Titre original: | Ulzhan |
Réalisateur: | Volker Schlöndorff |
Sortie: | Cinéma |
Durée: | 105 minutes |
Date: | 23 avril 2008 |
Note: | |
Charles Simon arrive au Kazakhstan en voiture. Une fois tombé en panne d'essence, il l'abandonne, ainsi que tous ses papiers et tout ce qui le relie à son existence en France, pour traverser à pied les steppes interminables du pays. Il veut être seul, disparaître, effacer ses traces, à moins qu'il ne soit réellement en quête d'un trésor caché dans les montagnes. Sur la route, il croise des compagnons de voyage involontaires, comme Shakuni, le marchand de mots, et Ulzhan, qui lui vend son cheval.
Critique de Tootpadu
La recherche de la quiétude d'esprit, à l'écart du brouhaha de la civilisation, n'est pas la première fois au centre d'un film cette année. Avant cette errance mélancolique et majestueuse à travers un Kazakhstan lointain, un autre personnage en quête de quelque chose, qui n'était pas forcément lui-même, s'était perdu dans les étendues enneigées de l'Alaska. Sauf que Ulzhan se situe aux antipodes esthétiques et narratives d'Into the Wild, ou pour le dire clairement, il réussit partout où le film de Sean Penn avait échoué assez misérablement.

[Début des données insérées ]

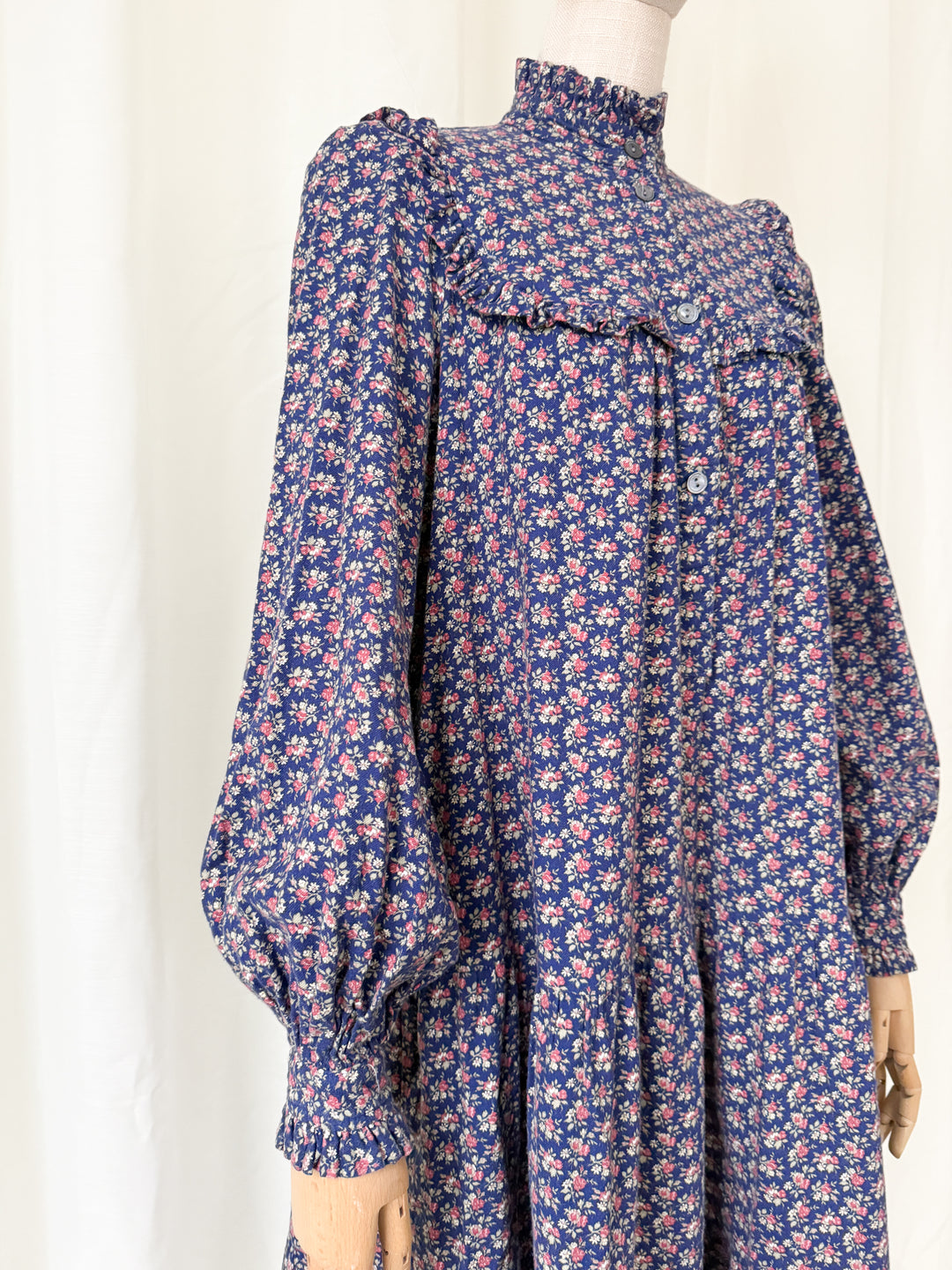 Pretty Rare 1970s Laura Ashley Floral Cotton Smock Dress
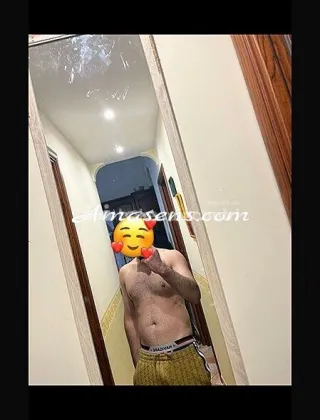 3282431153 - Bel Ragazzo Grosso E Robusto Con Pari Cazzo,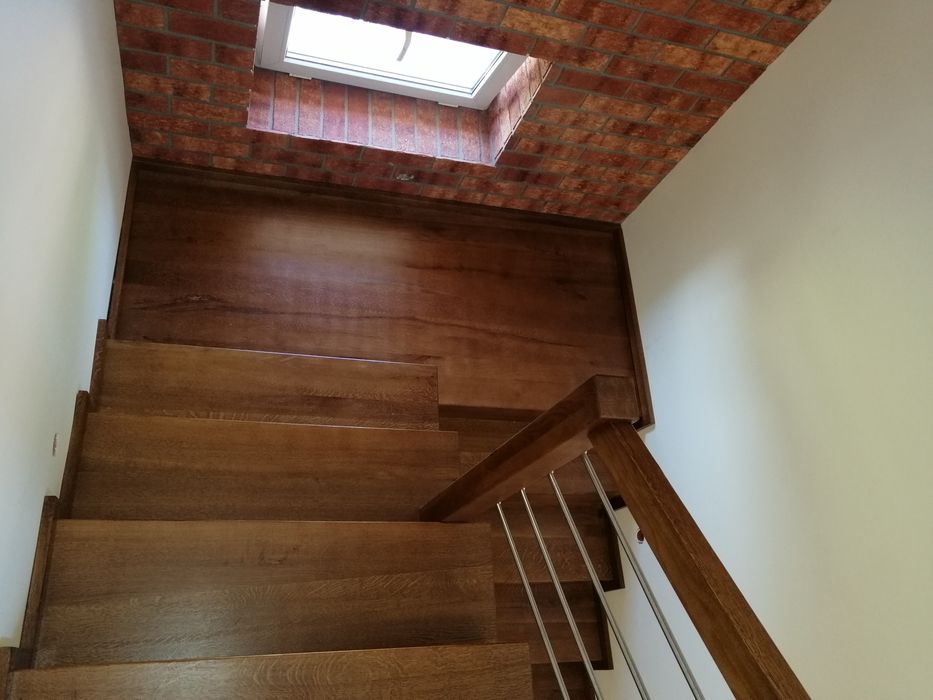 Schody drewniane policzkowe i na beton remont balustrada stal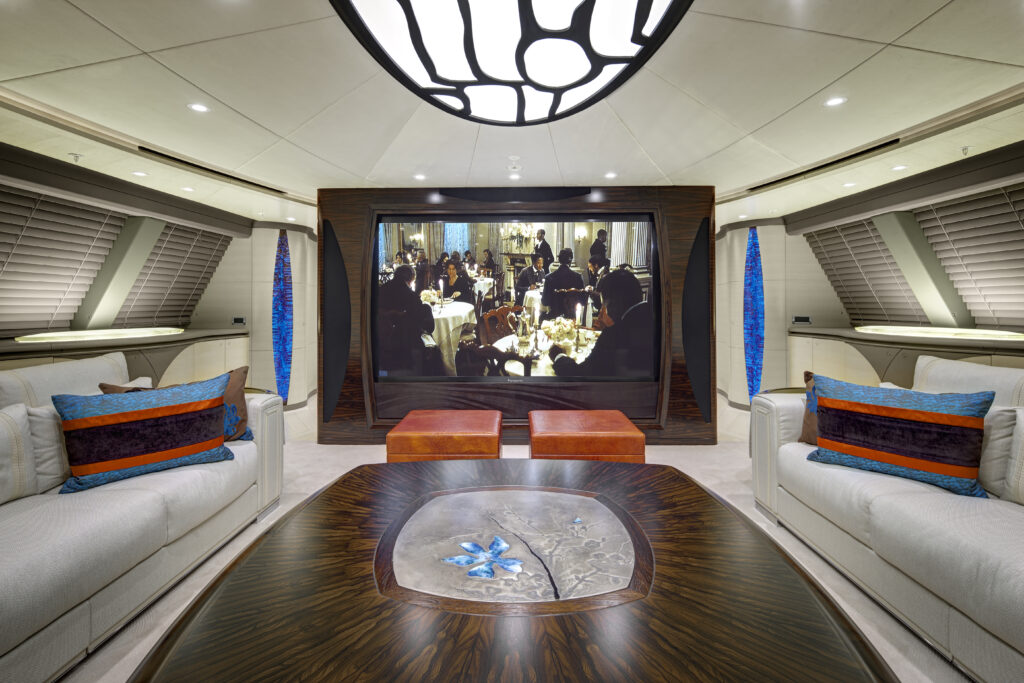 Mondango 3, Alloy Yachts
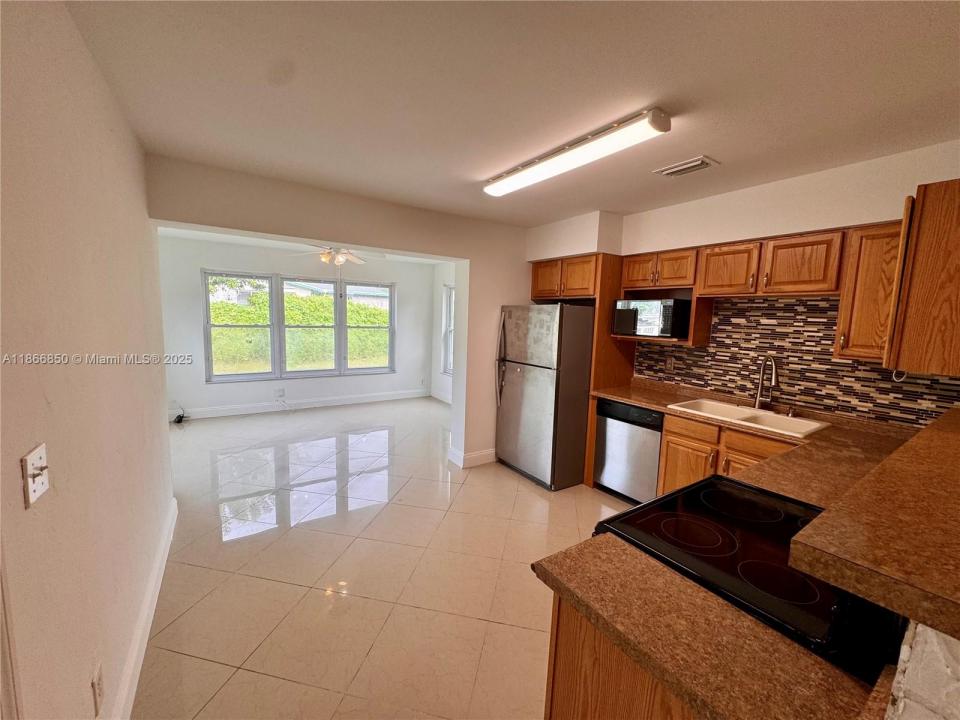 4720 SW 25th Ter 0, Dania Beach, Флорида 33312, Соединенные Штаты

D'abord, en termes visuelles, la mise en scène de Volker Schlöndorff sait rendre compte du paysage désolé du Kazakhstan avec l'oeil attentif de l'observateur, qui ne se cache pas des laideurs relatives aux vestiges du passage de l'homme, comme les kolkhozes abandonnés, les champs de pétrole déserts ou les terrains contaminés par la radiation, mais qui excelle dans leur inclusion dans un aperçu général profondément beau et plastiquement fascinant. C'est à travers son rôle dans ces décors pour la plupart naturels que le protagoniste s'identifie auprès du spectateur, par le biais du regard qu'il porte sur ce pays étranger et sur son propre statut d'étranger déraciné, et non pas par des conversations interminables. En réalisateur avisé et largement expérimenté, Schlöndorff s'appuie sur la force suggestive des images avec une aisance et une confiance qui font le plus grand bien à l'esprit et à l'oeil du spectateur !
Mais Ulzhan n'est pas qu'un film joli à regarder. Son ton, qui respire pleinement une pesanteur, que nous appelerions par défaut typiquement allemande, agit comme un conte réfléchi et lucide sur l'état du monde. Déjà à moitié parti de son existence terrestre, puisqu'il n'éprouve plus grand-chose au niveau émotionnel, Charles traverse le pays tel un observateur incrédule. Alors que son âme est remplie de chagrin et que ses jambes sont lourdes de fatigue, il découvre quelque chose loin de chez lui qui ressemble à s'y méprendre à des répliques des secousses de la vie. Une vie qui n'a rien d'exubérant ou de platement romantique, mais plutôt une façon d'être qui s'attache à autre chose qu'aux jeux de pouvoir et d'argent qui gouvernent le nouveau Kazakhstan, personnifié par la capitale moderne et artificielle. Il ne s'agit pas ici d'un retour aux sources ou à un idéal caricatural de la nature, comme dans le film de Penn, mais plutôt d'un magnifique état de suspension entre la vie, qui n'est plus, et la mort, qui n'est pas encore.